Drew appeared at first to beat the odds. By 22 he had found a decent job at Wingers as a busboy and waiter. He could afford his own room. Drew looked like he was on a path to a relatively, if not successful at least, normal life. He was tall and slender, clean cut with his only notable defect being a badly chipped front tooth. Naturally outgoing, a friend recommended that he quit his job at the restaurant and go into sales. The particular job was selling solar panel systems door to door. Drew didn't particularly care for sales but he had just gotten a new boss at Wingers. The boss was an ex-marine, whose authoritative leadership had taken all the fun out of work. Cautiously Drew decided to try sales on his day off. This proved to be a fateful decision because on his first day he made 3 sales. The commission from 3 sales a day was far more salary then Wingers provided. The next day he went into wingers and quite his job. Those were the last 3 sales he made. After days of selling with no success he found himself again on the streets.
"I still work from time to time. I have a friend who installs insulation and he hires me a few days a week to help. On the days I'm not installing insulation I do this." The “this” he refers to is what I found him doing, standing on a corner with a sign. He took panhandling seriously.
My first question to him was, "Are you hungry?"
I believe he assumed I had food to offer and said, "Yea, kind of."
"Want to come with me to lunch?" I asked.
"Thanks man, but I can't afford to lose this spot." I-80 and State Street must be prime real estate because he continued, "If I go with you someone else will take this spot, and at this time of day good spots are hard to come by."
"What's your goal? Are you just trying to get enough to eat?"
"I try to get enough for a cheap room."
"What if you don't get enough?"
"There's a shelter and if they're full there's a church downtown that lets us sleep on the pews."
When asked why he is homeless his answer is honest and humble, "Bad decisions. I've made really bad financial and other decisions that have led me here."
"Where do you see yourself in five years?"
"I hope the military.

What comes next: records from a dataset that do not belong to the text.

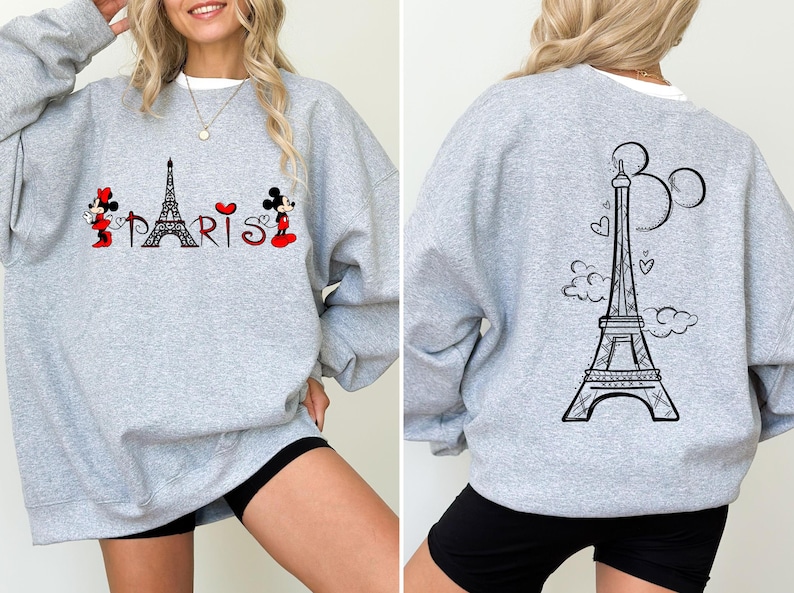 K&ouml;nnte beinhalten: Ein graues Sweatshirt mit einem Design mit dem Eiffelturm und dem Wort "Paris". Die Vorderseite des Sweatshirts zeigt Minnie- und Mickey Mouse-Figuren. Die R&uuml;ckseite des Sweatshirts hat eine schwarze Umrisszeichnung des Eiffelturms.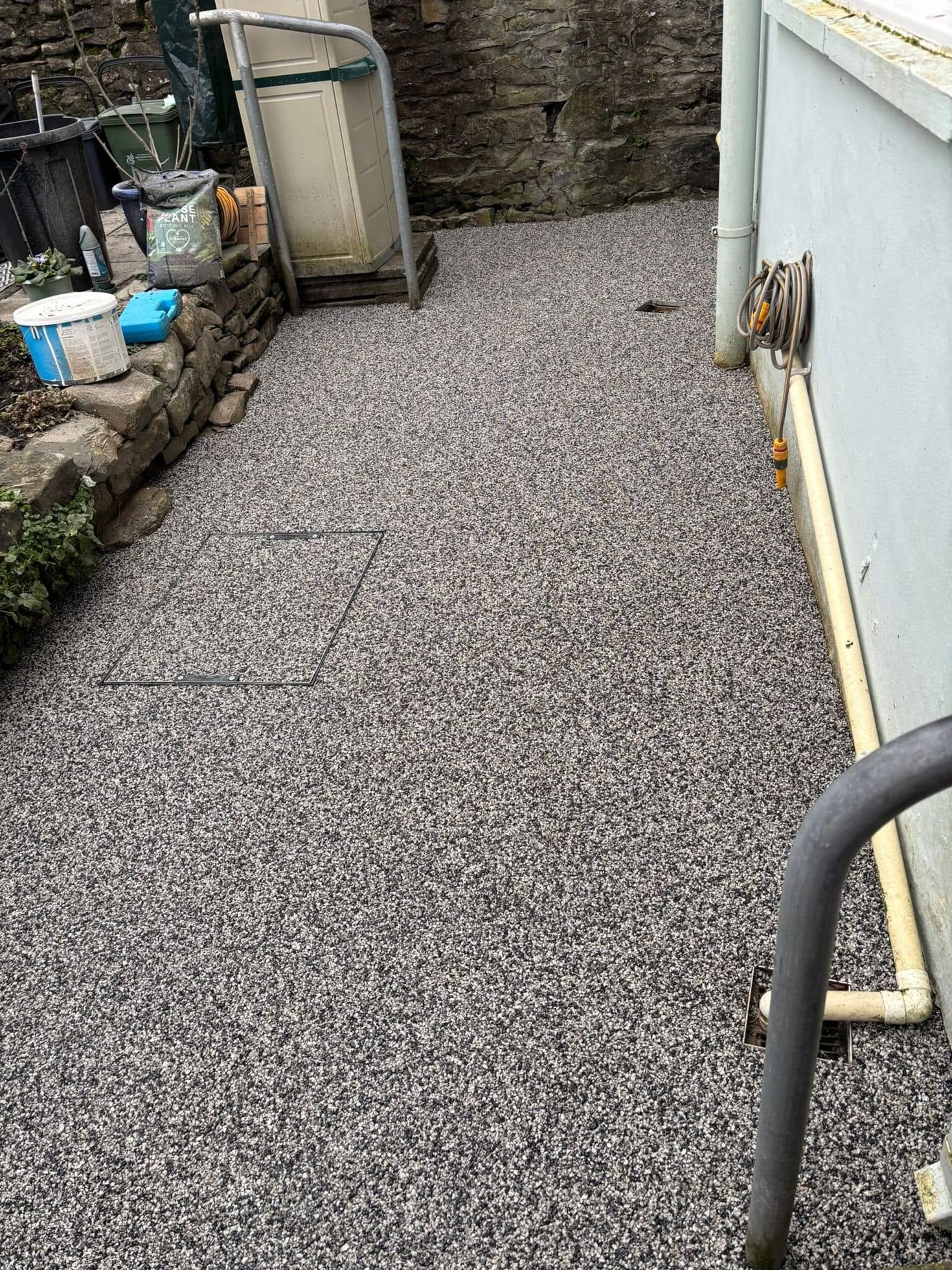 Resin bound path and rear yard finished beside a stone garden wall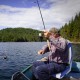 High back folding boat seat in blue with sponge cushion, providing ergonomic support for comfortable fishing trips.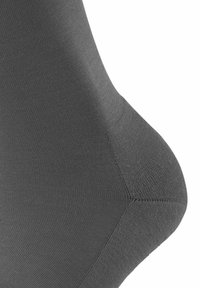 Calzino grigio caratterizzato da una texture liscia e elastica con una forma affusolata. Cuciture evidenti e motivo a costine lungo il corpo. Dettagli di design minimal.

I got a 28 on my ASVAB but need a 31 to get in. I really need help in math since that is my worst score. I hope to take it again soon."
We chatted a bit more and I walked home. Of all the people I have interviewed Drew has bothered me the most. Why? Helping people with math is something I both enjoy doing and am very capable of. I have enjoyed helping youth in math for years and yet could there be a youth whose need was more and my potential impact greater? With a few days help I could possibly help him bump up his score, and he might be able to get off the streets. Instead of burdening our country he'd be serving it. But I was only in town for 1 more day and wasn't in a position to invite him into a home I myself was a guest in.
This was months ago and I still often think of Drew. Did he get the help he needed? Did someone do better than I and sacrifice for his future? Should I have taken a few days off work and tried to change his life? Would that have even helped? What if that was me who had been abandoned by my mother at 14? What if it was me, who tried to get the test score I needed but failed? Who would I turn to?
I am exceptionally grateful that I have been blessed with so many loving, self-sacrificing friends and family who would and do help in moments of crisis. Even when those moments are not so momentary. My prayer now is Drew finds such a friend and that in the future I may be such a friend to those who have not been so blessed.